#### Problem to work on
Produce an exact copy of all the data below, dropping every image.

#### Input data

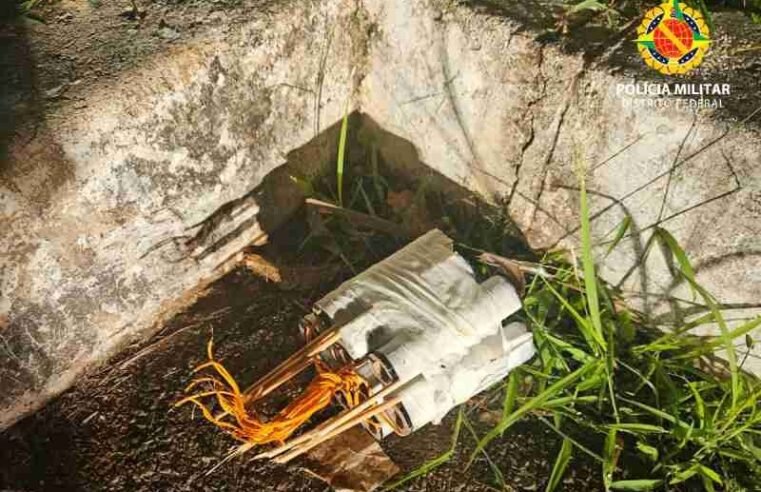 Suspeita de bomba mobiliza PMDF no Lago Sul
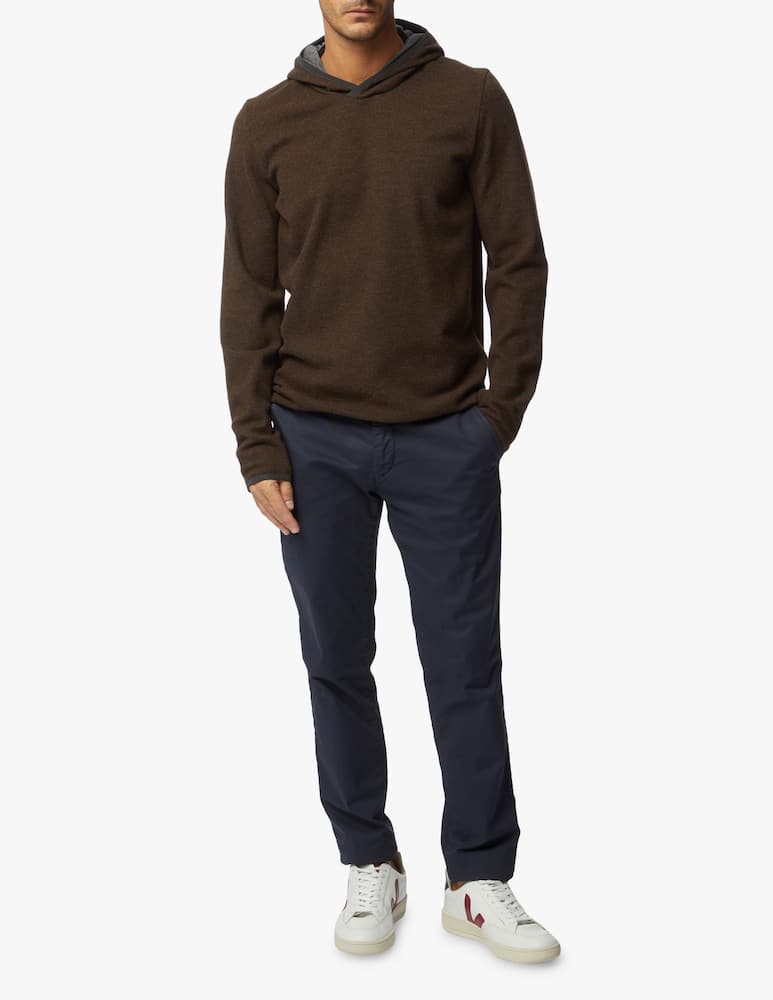 rinascente Sease Virgin wool hooded sweatshirt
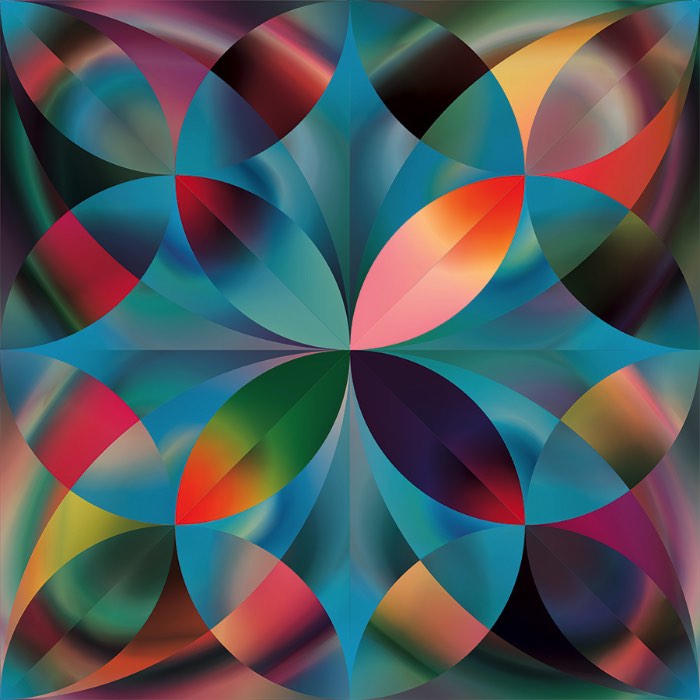 Andy Gilmore é um mestre quando o assunto é arte e geometria. Seu portfolio é repleto de trabalhos que foram encomendados pela Nike, Fast Company, Wired Magazine e muitos outros. E eles mostram tudo que esse artista gráfico sabe fazer.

#### Solution to the problem
 Suspeita de bomba mobiliza PMDF no Lago Sul
 rinascente Sease Virgin wool hooded sweatshirt
 Andy Gilmore é um mestre quando o assunto é arte e geometria. Seu portfolio é repleto de trabalhos que foram encomendados pela Nike, Fast Company, Wired Magazine e muitos outros. E eles mostram tudo que esse artista gráfico sabe fazer.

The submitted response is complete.